*The data*
════════════════════

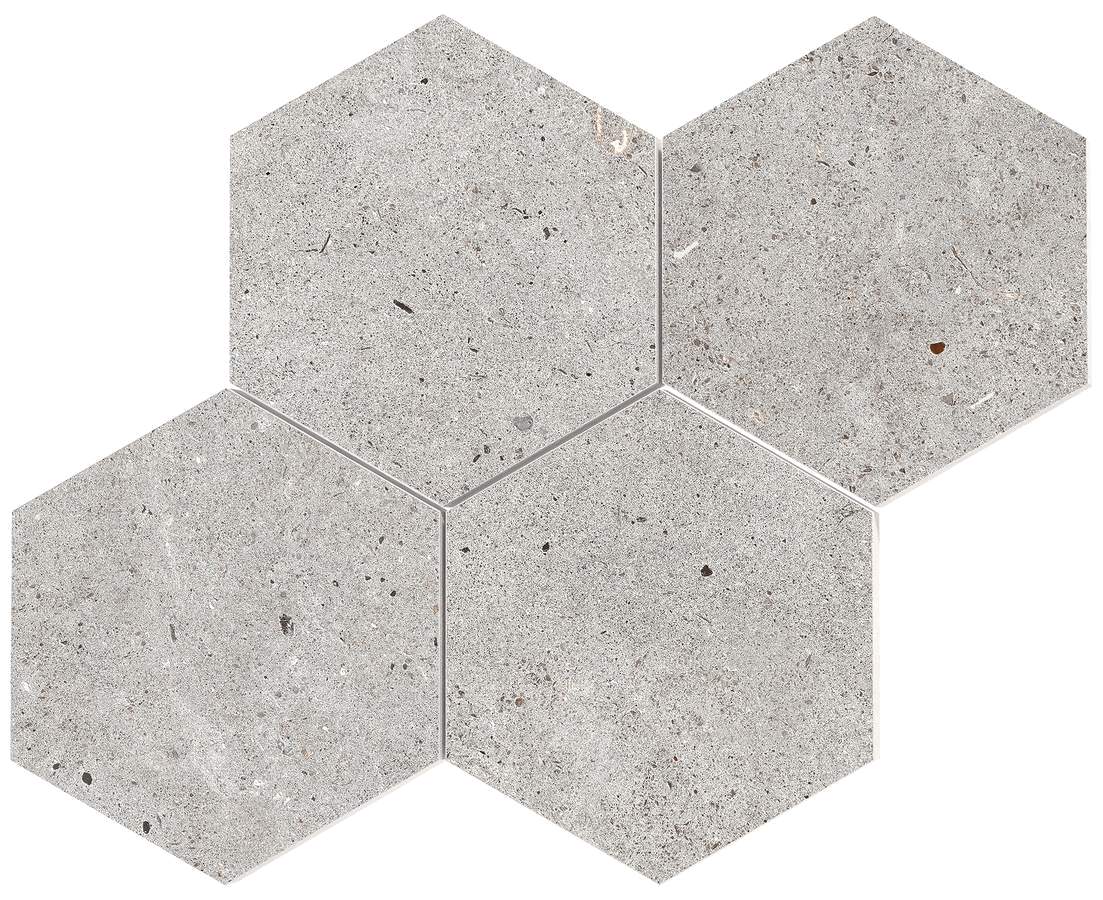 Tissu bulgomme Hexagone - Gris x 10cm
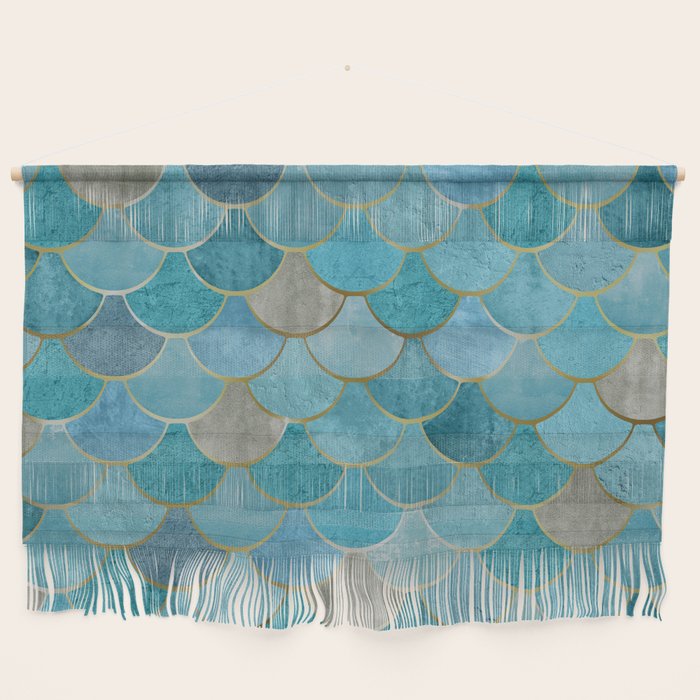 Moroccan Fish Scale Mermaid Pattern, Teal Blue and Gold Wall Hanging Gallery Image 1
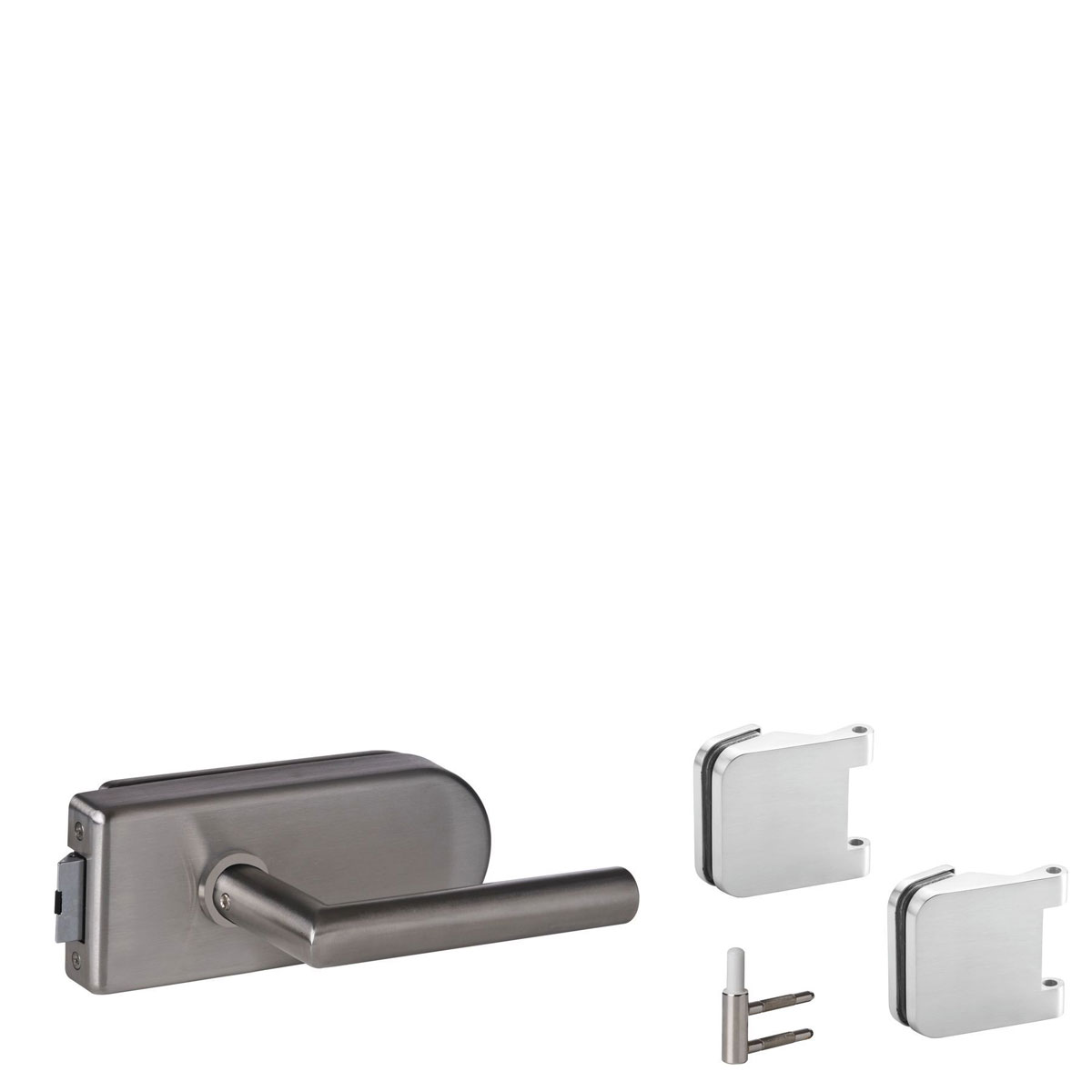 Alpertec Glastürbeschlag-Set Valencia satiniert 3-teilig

════════════════════

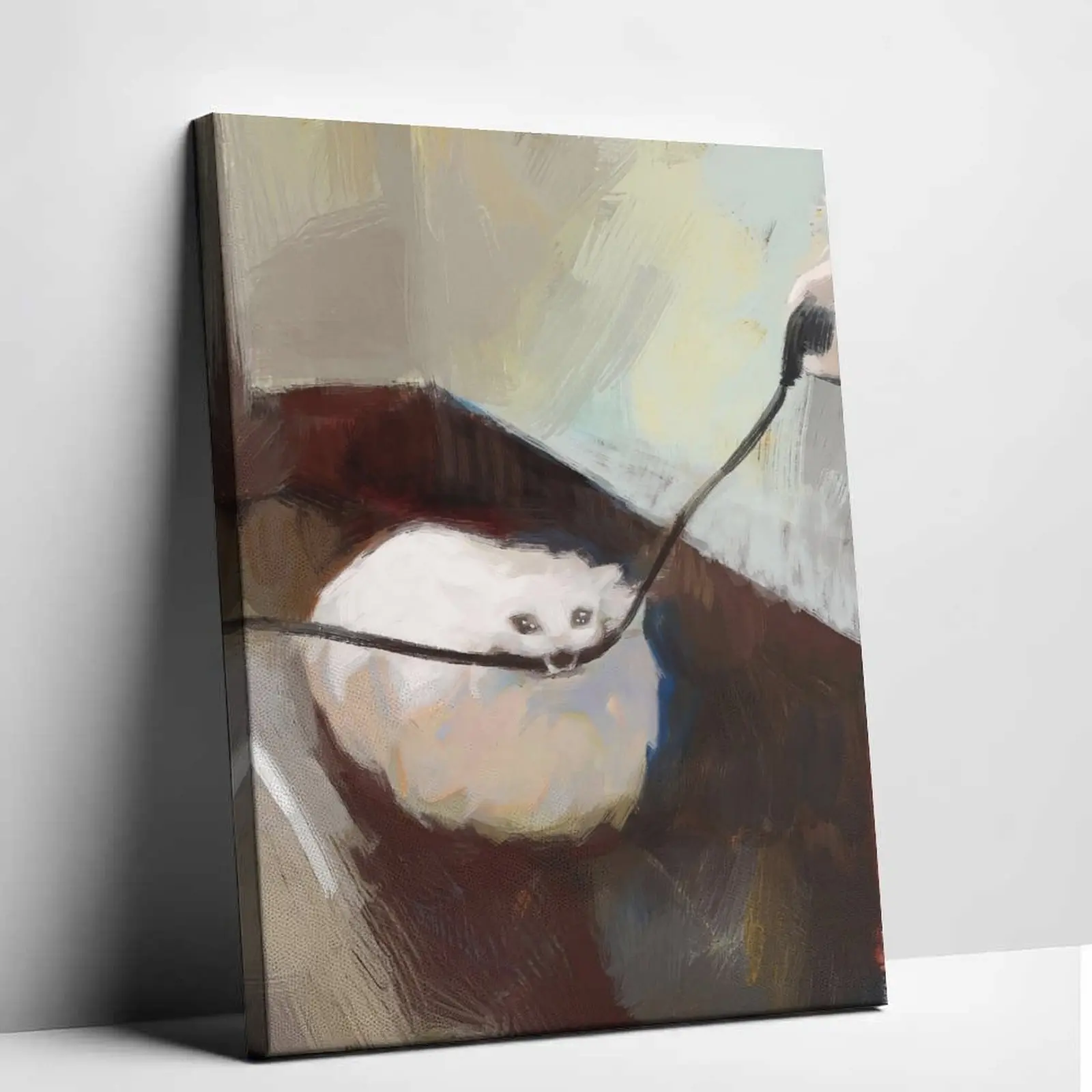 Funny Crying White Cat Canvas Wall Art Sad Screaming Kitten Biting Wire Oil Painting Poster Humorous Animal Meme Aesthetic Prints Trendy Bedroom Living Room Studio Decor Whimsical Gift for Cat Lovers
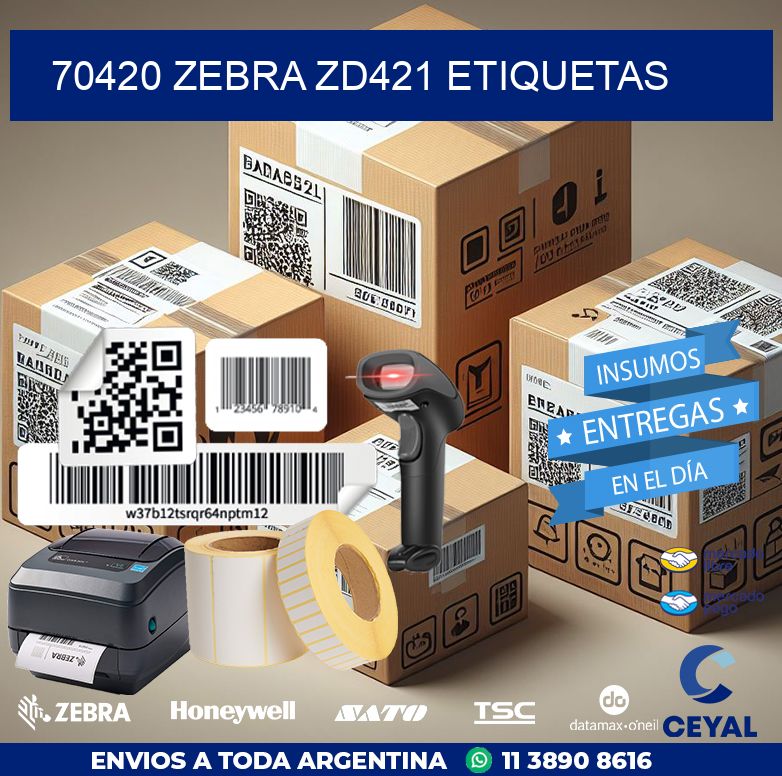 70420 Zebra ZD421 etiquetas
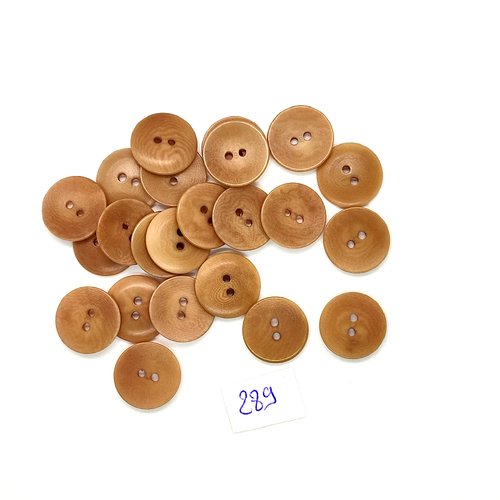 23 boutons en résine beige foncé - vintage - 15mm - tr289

════════════════════

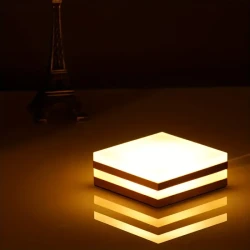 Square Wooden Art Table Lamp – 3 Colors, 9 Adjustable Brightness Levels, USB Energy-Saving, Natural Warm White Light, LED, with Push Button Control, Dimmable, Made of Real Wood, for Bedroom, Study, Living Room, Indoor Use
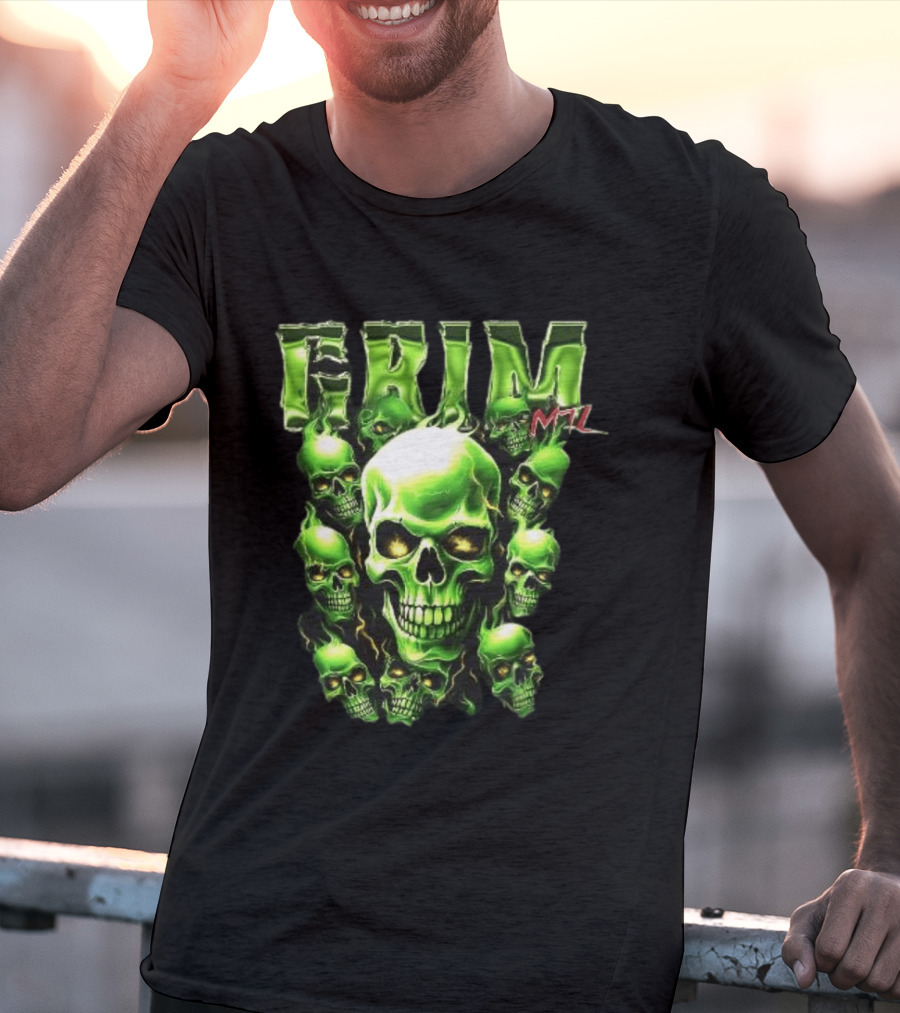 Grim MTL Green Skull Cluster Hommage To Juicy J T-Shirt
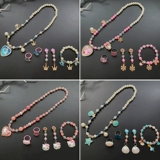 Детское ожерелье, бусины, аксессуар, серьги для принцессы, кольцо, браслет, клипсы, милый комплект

════════════════════

*Exercise details*
Only the lines above starting with the line with "Tissu bulgomme Hexagone - Gris x 10cm" and going on through the line with "Alpertec Glastürbeschlag-Set Valencia" belong in the answer; repeat them exactly, minus any picture.

*Finished task*
 Tissu bulgomme Hexagone - Gris x 10cm
 Moroccan Fish Scale Mermaid Pattern, Teal Blue and Gold Wall Hanging Gallery Image 1
 Alpertec Glastürbeschlag-Set Valencia satiniert 3-teilig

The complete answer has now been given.